[Xapian-discuss] Dealing with image PDF's

Thu Jul 31 15:27:30 BST 2008

Yeah I was using gocr as a test I guess, once ocropus and tesseract 
merge I'd like to give that ago as it performs much better.

I wanted to use the OCR as a last ditch effort better to index something 
from an image PDF or TIFF then not index it at all.

I'll have a play around with it, thank you for your help and suggestions

Olly Betts wrote:
> On Thu, Jul 31, 2008 at 04:09:39AM +0930, Frank Bruzzaniti wrote:
>   
>> I was just playing around and added a bit of code to omindex.cc so I 
>> could ocr tiff and tif with gocr which seems to work.
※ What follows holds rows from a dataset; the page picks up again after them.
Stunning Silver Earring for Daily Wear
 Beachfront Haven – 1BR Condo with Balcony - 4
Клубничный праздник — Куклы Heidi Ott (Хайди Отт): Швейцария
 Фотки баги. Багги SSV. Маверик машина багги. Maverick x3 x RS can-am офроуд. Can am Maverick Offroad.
Here's what it 
>> looks like:
>>
>>  // Tiff:
>>     } else if (startswith(mimetype, "image/tif"))
>>     
>
> Just test (mimetype == "image/tiff") instead -- image/tif is just incorrect.
>
>   
>>     {
>>     // Inspired by http://mjr.towers.org.uk/comp/sxw2text
>>     
>
> This comment is not relevant here.
>
>   
>>     string safefile = shell_protect(file);
>>     string cmd = "tifftopnm " + safefile + " | gocr -f UTF8 -";
>>     try {
>>         dump = stdout_to_string(cmd);
>>     } catch (ReadError) {
>>         cout << "\"" << cmd << "\" failed - skipping\n";
>>         return;
>>     }
>>     // Tiff:End
>>     
>
> Interesting idea!  I tried it on the TIFF files I have here.  The
> problems I noticed:
>
> * On the TIFF icons I have from various packages, I get random junk from
>   the OCR software, which we don't really want to be indexing.  I couldn't
>   see an obvious option to tell gocr to "give up if there's nothing
>   which looks like text".  Logos and graphics on pages of text also lead
>   to random junk so perhaps a filtering step to drop it would be better
>   anyway.
>
> * On the multi-page scanned document I have, I only get the text from
>   the first page.  I guess that's tifftopnm, but it doesn't seem to have
>   an option to do "all pages".  Perhaps something else to do this
>   conversion would be better?
>
> * It OCRed a barcode in my document, which is cute, but we don't really
>   want to index the XML-like tag as plain text:
>
>   <barcode type="39" chars="12" code="*N04456664M*" crc="E" error="0.049" />
>  
>   
>> I don't really understand all the code in omindex.cc but was wondering 
>> if I could OCR when no text was returned while trying to process PDF's 
>> as a way of dealing with image only PDF's.
>>
>> Here's the bit in omindex.cc that deals with pdf's:
>>
>> } else if (mimetype == "application/pdf") {
>>     string safefile = shell_protect(file);
>>     string cmd = "pdftotext -enc UTF-8 " + safefile + " -";
>>     try {
>>         dump = stdout_to_string(cmd);
>>     } catch (ReadError) {
>>         cout << "\"" << cmd << "\" failed - skipping\n";
>>         return;
>>     }
>>     
>
> And then:
>
>     if (dump.empty()) {
> 	// Do the OCR thing...
>     }
>
> Or if you get can get an "empty" dump which actually just has whitespace
> in then:
>
>     if (dump.find_first_not_of(" \n\t") == string::npos) {
> 	// Do the OCR thing...
>     }
>
>   
>> I wanted to change it so if nothing (or no strings) was returned from 
>> "pdftotext -enc UTF-8 " + safefile + " -";   then run "pdftoppm " + 
>> safefile + " | gocr -f UTF8 -";
>>     
>
> pdftoppm seems to produce one ppm file per page, rather than output on
> stdout, so you'll need to extract to a temporary directory and then
> read files from it.  See the PostScript handling code for how to work
> with a temporary directory.
>
>   
>> P.S. I was able to write similar snippets of code to process docx and 
>> xlsx, so far so good, if they test ok should I post them somewhere or 
>> email them to someone?
>>     
>
> Creating a new trac ticket and attaching the patch is probably best.
>
> If you've not already done so, take a look at:
>
> http://trac.xapian.org/wiki/FAQ/OmegaNewFileFormat
>
> As that says, it's very helpful if you can update the documentation to
> cover the new format(s) and supply some sample files which we can
> redistribute for testing (my hope is to create an automated test suite
> for omindex).
>
> Cheers,
>     Olly
>